[[ Records for processing open ]]
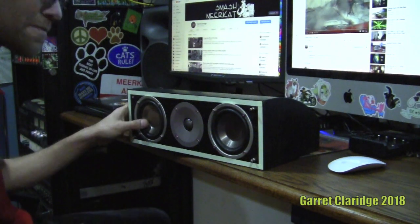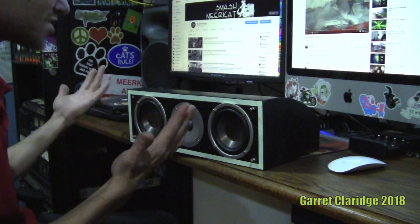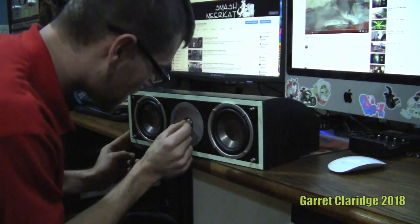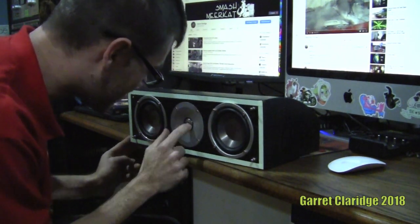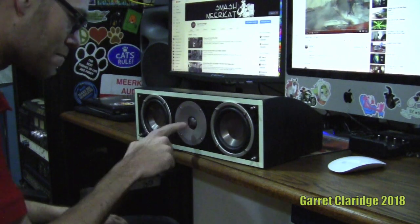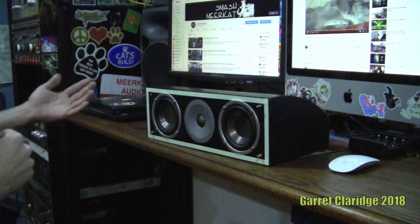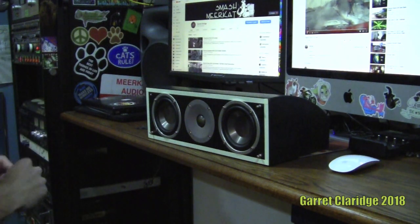The woofers do look like the typical polypropylene China woofer, but I have never seen this dome tweeter before. It has a weird texture to it and it's unpokeable — it will always poke back. And of course we've got in this rack over here the CS800 power amp.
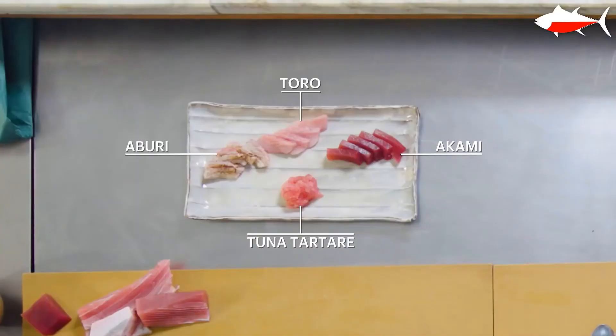Here, you see the selection of all kinds of sashimi from one belly loin. Normally we would repeat the same process for the other three loins that are left, but that would be boring for you guys to keep watching.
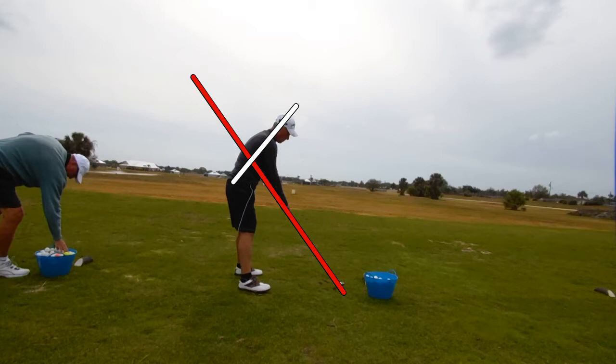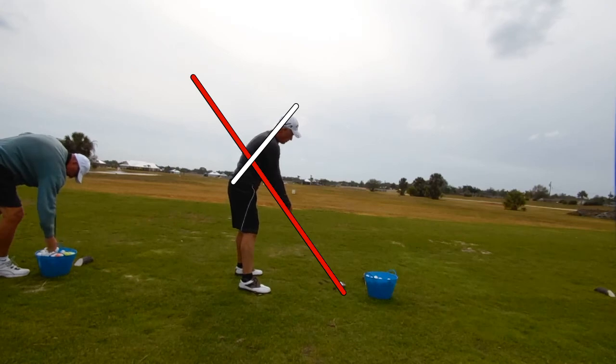Let's see how well he's able to stay on that plane throughout the swing. The idea of a single plane swing is we should go up and down that same line pretty much. Let's watch the takeaway — we're at eighth speed right here so it's going to be pretty slow.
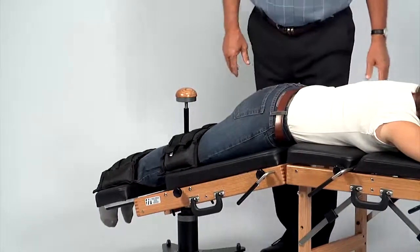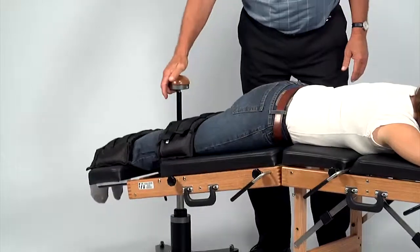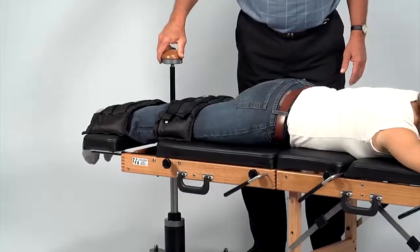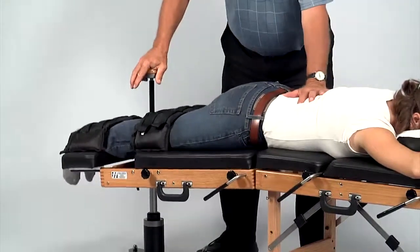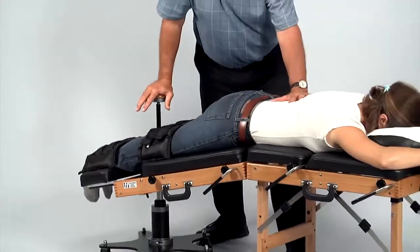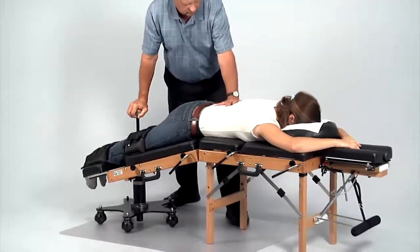He may resume flexing the table by returning the button to the red position. The flexion distraction device is an innovative and versatile addition to any chiropractic practice.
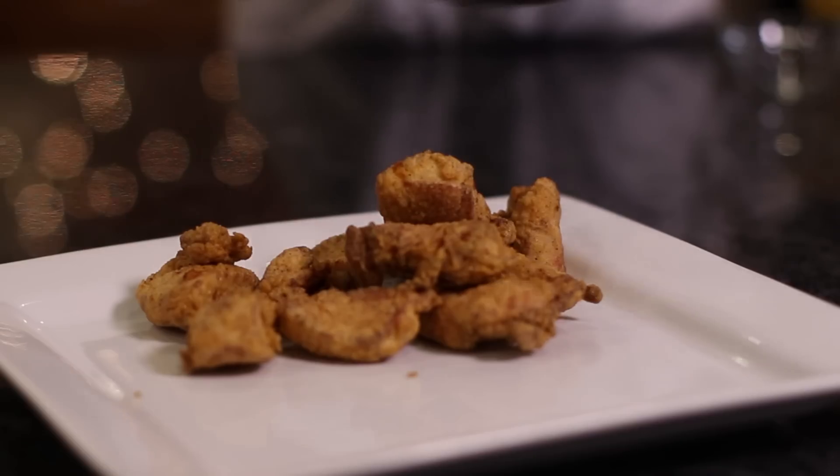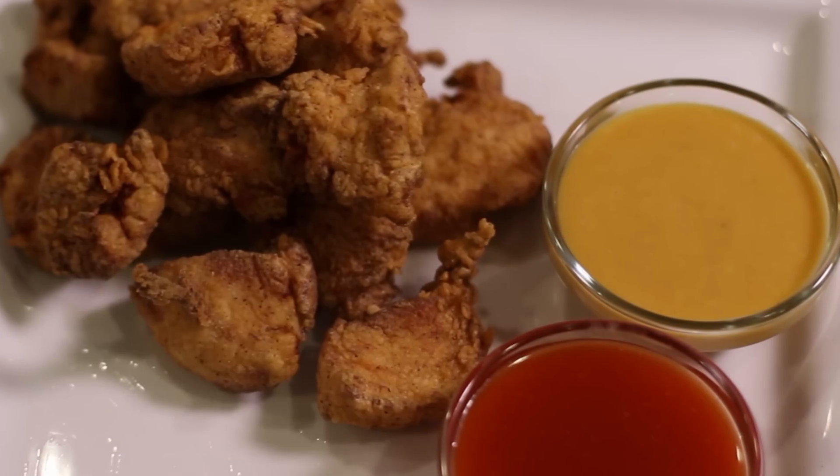All right guys, we're back so we can see if we can tell the difference between Chick-fil-A, the website version, and our recipe. These chicken nuggets look fantastic, by the way. We're going Polynesian first.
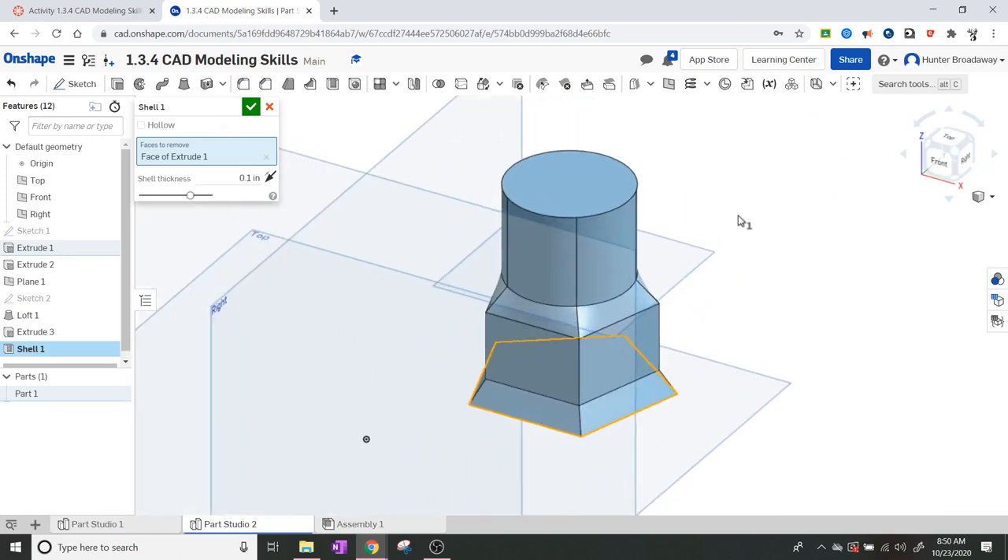We've got the basic shape of our screwdriver set done. If you wanted to, you could use the circular pattern tool to add holes on top for the screwdriver bits to sit in. Have a great day and I'll talk to you guys next time.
[[ Records for processing closed ]]
What to work on: A word-for-word copy of the listing is the goal; keep every picture out of it.

Task solution:
The woofers do look like the typical polypropylene China woofer, but I have never seen this dome tweeter before. It has a weird texture to it and it's unpokeable — it will always poke back. And of course we've got in this rack over here the CS800 power amp.
Here, you see the selection of all kinds of sashimi from one belly loin. Normally we would repeat the same process for the other three loins that are left, but that would be boring for you guys to keep watching.
Let's see how well he's able to stay on that plane throughout the swing. The idea of a single plane swing is we should go up and down that same line pretty much. Let's watch the takeaway — we're at eighth speed right here so it's going to be pretty slow.
He may resume flexing the table by returning the button to the red position. The flexion distraction device is an innovative and versatile addition to any chiropractic practice.
All right guys, we're back so we can see if we can tell the difference between Chick-fil-A, the website version, and our recipe. These chicken nuggets look fantastic, by the way. We're going Polynesian first.
We've got the basic shape of our screwdriver set done. If you wanted to, you could use the circular pattern tool to add holes on top for the screwdriver bits to sit in. Have a great day and I'll talk to you guys next time.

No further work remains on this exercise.